Em resposta a questões dos jornalistas, à saída da Reitoria da Universidade da Madeira, onde almoçou a seguir à cerimónia militar comemorativa do 10 de Junho, no Funchal, Marcelo Rebelo de Sousa informou que durante este almoço falou com o presidente da Câmara Municipal de Lisboa e reiterou que este é um caso lamentável.

Por sua vez, o primeiro-ministro, António Costa, que também esteve neste almoço com o Presidente da República, não quis falar aos jornalistas.

O chefe de Estado relatou que Fernando Medina lhe explicou "que tinha já pedido desculpa porque tinha havido uma comunicação, que em teoria é uma comunicação burocrática que se faz, em termos de serviços administrativos, sobre quem organiza e quem assume a responsabilidade das manifestações, e que isso foi objeto de um extravio e de uma utilização indevida que acabou por, como ele reconheceu, ter tido os efeitos que foram noticiados".
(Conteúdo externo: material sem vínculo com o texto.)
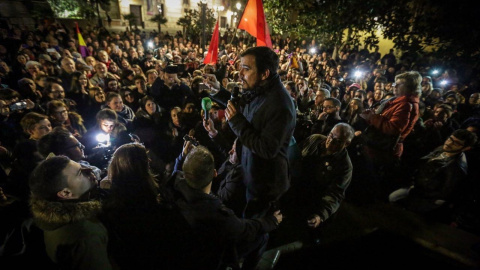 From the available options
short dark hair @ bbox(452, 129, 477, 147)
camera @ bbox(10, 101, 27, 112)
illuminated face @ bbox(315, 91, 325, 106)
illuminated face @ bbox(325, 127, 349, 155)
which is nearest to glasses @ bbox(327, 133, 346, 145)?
illuminated face @ bbox(325, 127, 349, 155)

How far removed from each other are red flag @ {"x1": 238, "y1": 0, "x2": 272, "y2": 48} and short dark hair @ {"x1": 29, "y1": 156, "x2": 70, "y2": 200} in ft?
14.3

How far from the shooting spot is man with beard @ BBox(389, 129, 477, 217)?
122 inches

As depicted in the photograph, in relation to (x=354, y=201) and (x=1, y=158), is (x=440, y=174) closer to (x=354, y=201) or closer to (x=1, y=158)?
(x=354, y=201)

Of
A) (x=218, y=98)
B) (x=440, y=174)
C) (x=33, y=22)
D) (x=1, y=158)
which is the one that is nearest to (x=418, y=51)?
(x=440, y=174)

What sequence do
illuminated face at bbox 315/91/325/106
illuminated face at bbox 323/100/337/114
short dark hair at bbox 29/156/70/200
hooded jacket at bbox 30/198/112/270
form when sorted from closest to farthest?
hooded jacket at bbox 30/198/112/270 < short dark hair at bbox 29/156/70/200 < illuminated face at bbox 323/100/337/114 < illuminated face at bbox 315/91/325/106

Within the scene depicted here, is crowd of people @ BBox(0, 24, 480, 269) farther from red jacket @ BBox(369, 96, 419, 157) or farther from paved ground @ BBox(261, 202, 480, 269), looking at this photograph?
paved ground @ BBox(261, 202, 480, 269)

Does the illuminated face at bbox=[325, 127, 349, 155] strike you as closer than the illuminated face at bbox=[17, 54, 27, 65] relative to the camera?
Yes

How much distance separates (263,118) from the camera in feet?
6.20

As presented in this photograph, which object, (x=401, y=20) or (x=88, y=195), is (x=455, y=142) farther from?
(x=401, y=20)

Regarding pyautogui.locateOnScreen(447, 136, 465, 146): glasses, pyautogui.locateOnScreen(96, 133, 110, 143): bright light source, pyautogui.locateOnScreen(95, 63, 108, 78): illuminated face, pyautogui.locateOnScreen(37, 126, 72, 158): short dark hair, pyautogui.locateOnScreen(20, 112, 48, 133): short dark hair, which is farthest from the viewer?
pyautogui.locateOnScreen(95, 63, 108, 78): illuminated face

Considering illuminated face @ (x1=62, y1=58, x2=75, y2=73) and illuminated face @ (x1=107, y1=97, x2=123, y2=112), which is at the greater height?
illuminated face @ (x1=62, y1=58, x2=75, y2=73)

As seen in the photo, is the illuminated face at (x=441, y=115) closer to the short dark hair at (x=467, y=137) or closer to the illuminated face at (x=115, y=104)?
the short dark hair at (x=467, y=137)

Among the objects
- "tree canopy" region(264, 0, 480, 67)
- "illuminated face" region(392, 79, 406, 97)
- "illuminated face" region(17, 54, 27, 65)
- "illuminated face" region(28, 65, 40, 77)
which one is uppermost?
"tree canopy" region(264, 0, 480, 67)

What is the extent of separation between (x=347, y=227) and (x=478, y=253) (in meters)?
1.41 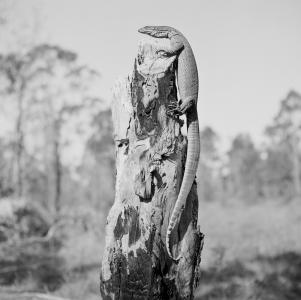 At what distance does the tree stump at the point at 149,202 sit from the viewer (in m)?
2.74

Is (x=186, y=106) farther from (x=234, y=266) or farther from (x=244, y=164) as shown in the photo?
(x=244, y=164)

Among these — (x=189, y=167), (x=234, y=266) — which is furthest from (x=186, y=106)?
(x=234, y=266)

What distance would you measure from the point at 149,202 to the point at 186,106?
2.87 ft

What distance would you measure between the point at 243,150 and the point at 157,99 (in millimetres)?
36783

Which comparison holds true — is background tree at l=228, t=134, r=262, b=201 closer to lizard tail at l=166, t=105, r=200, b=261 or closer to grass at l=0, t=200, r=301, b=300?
grass at l=0, t=200, r=301, b=300

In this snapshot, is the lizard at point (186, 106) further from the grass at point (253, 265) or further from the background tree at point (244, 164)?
the background tree at point (244, 164)

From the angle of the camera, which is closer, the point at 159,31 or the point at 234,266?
the point at 159,31

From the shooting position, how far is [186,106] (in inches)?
123

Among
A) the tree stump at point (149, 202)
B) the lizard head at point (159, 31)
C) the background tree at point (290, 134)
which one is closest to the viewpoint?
the tree stump at point (149, 202)

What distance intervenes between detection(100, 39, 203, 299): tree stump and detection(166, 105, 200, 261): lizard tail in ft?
0.18

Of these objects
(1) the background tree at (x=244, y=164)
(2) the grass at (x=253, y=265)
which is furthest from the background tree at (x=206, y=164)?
(2) the grass at (x=253, y=265)

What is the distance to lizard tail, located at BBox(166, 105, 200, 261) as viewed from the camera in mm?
2766

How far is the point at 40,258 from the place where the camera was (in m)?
8.94

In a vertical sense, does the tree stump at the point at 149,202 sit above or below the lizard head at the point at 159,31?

"Realmente é lamentável que isso tenha acontecido, e percebo o presidente de desculpa do senhor presidente da Câmara Municipal de Lisboa. O que ele disse é, no fundo, aquilo que todos os responsáveis sentem, que não devia acontecer, não devia ter acontecido e espera-se que não volte a acontecer", considerou.

Marcelo Rebelo de Sousa referiu que "o presidente da Câmara Municipal apresentou as suas desculpas aos cidadãos" que promoveram uma manifestação em frente à Embaixada da Rússia, em Lisboa, em defesa da libertação do opositor russo Alexei Navalny, pela partilha dos seus dados com as autoridades russas.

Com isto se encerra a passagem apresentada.